La fin de l'apostrophe est un appel aux souvenirs communs (« te meminisse » v. 13) où se fait jour la complicité d'autrefois avec la porte. Une offrande propitiatoire aux jambages de la porte clôt la supplication : « cum posti florida serta darem » (v. 14).
2. Le symbolisme de la porte
La porte (« janua ») est pleine de symboles. Comme Janus, le dieu aux deux visages, auquel elle est liée par l'étymologie, la porte est à la fois tournée vers l'extérieur et l'intérieur. Elle est une frontière infranchissable. Ici, le poète adopte le point de vue interne : presque pas de références à l'intérieur de la demeure où le poète n'a pas accès, à l'exception de la barre qui ferme la porte (« fixo dente », v. 18) et du lit (« molli... lecto », v. 19), objet du désir de l'amant. Le poète est essentiellement confronté à un environnement extérieur hostile (« imber », v. 7 ; « fulmina », v. 8 ; «  hibernae frigora noctis », v. 31 ; « imber » v. 32).

La porte est également le gardien farouche de l'enfermement de Délie (« custodia saeva », v. 5). Toute l'incertitude pour le poète est de savoir si cette claustration est volontaire ou non. Il interprète d'ailleurs le silence de la jeune femme non pas comme l'expression d'un refus, mais d'une crainte : Tibulle veut croire que Délie l'aime toujours.
La porte est priée de s'ouvrir au poète, et à lui seul : les coupes de l'hexamètre isolent « uni » (v. 9). Les outils de prédilection du poète élégiaque restent ses plaintes (« querellis », v. 9) et sa voix (« voce », v. 13).

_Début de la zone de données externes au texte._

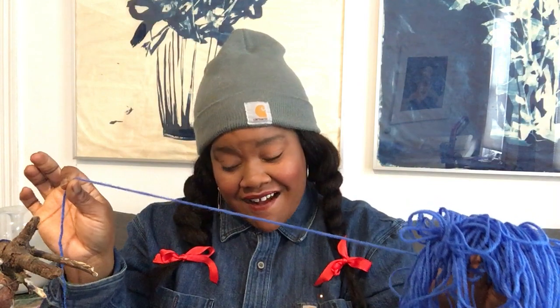We also have yarn or string. Hopefully in your house you have some string that you can use. I found a little ball of twine in my studio and an old ball of blue yarn. We're going to use these also, and when it comes time to cut I'll tell you how much.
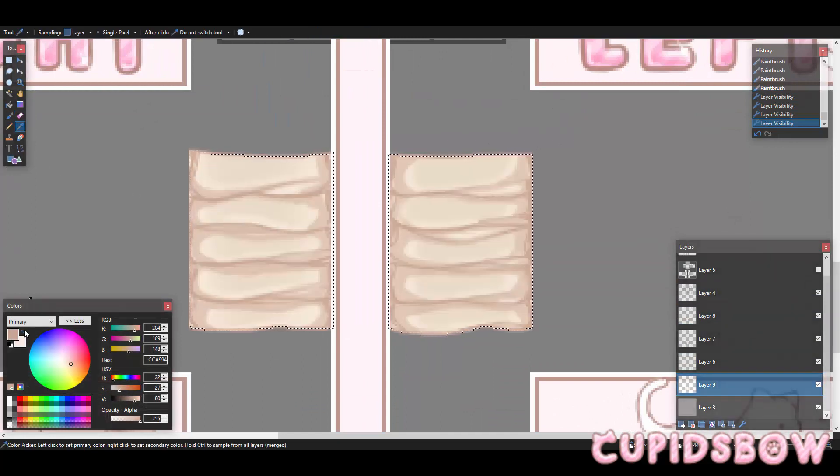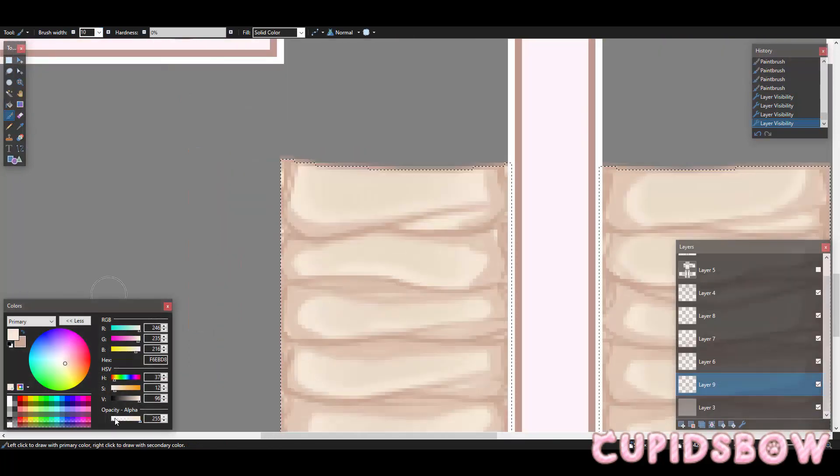I'm going to just blend some of those lines a little bit. So I'll take the color of our base color — you know, the color we changed it to — and I'm just going to blend a little bit. That's too light.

3. Le poète élégiaque et la société romaine
Cette élégie légère résonne comme un appel à l'adultère, ainsi qu'en témoignent tous les éléments qui renvoient au vol ou à la fraude (« neu furtim... sones », v. 10 ; « falle », v. 15 ; « nullo... sono », v. 20 ; « nutus », v. 21 ; « abdere », v. 22). Le mari est ridiculisé et la porte doit jouer le rôle de complice. Le poète affirme péremptoirement que Vénus protège les hommes et les femmes adultères, mais il faut garder à l'esprit qu'il vit à une époque de restauration religieuse et morale. Auguste est sur le point de faire promulguer des lois sévères punissant l'adultère. Or Délie est certainement une femme mariée (élégie 6), même si elle est de condition inférieure. Dans ce contexte, son amour avec Tibulle apparaît comme un amour impossible.

De plus, dans cette supplication à la porte, il y a quelque chose d'humiliant pour le poète. Les rôles sociaux se renversent, la femme l'emporte sur l'homme qui perd ici toute dignité dans le sacrifice amoureux, même si, comme la femme, il doit manifester une certaine audace et un certain courage (« audendum est » et « fortes », v. 7).

Le poète élégiaque est définitivement en marge de la société romaine, de ses conventions et de ses lois. Tibulle se distingue ici d'autres poètes élégiaques de sa génération, qui voient dans la supplication à la porte l'image du siège amoureux, image plus virile et plus guerrière :

« J'ai beau t'adresser mes prières, portier ; restes-tu de fer en les écoutant. Ta porte renforcée de chêne dur, demeure insensible. Quand une cité est assiégée, on ferme les portes de la ville et leur protection est utile : en pleine paix, quelles armes crains-tu ? »
(Ovide, Les Amours, 1, 6, 27-30.)

L'essentiel

Face à cette figure imposée, le paraclausithuron, Tibulle reste somme toute assez conventionnel et ne se distingue guère des autres poètes élégiaques. Le paraclausithuron est parfois parodié dans la comédie (Plaute, Stichus, 2, 1) ou dans la satire (Juvénal, Satires, 9).
Mais, là où les poètes comiques ou satiriques ne voient que passion ridicule et artifice littéraire, les poètes élégiaques trouvent dans la porte close un symbole de la souffrance amoureuse.
Ovide rappelle le mythe tragique d'Iphis, amoureux éconduit qui se donne la mort sur le seuil de la cruelle Anaxarète (Métamorphoses, XIV, 698-764). On trouve d'autres exemples du motif du paraclausithuron chez Catulle (Carmina, 67) ou Properce (Elégies, 1, 16).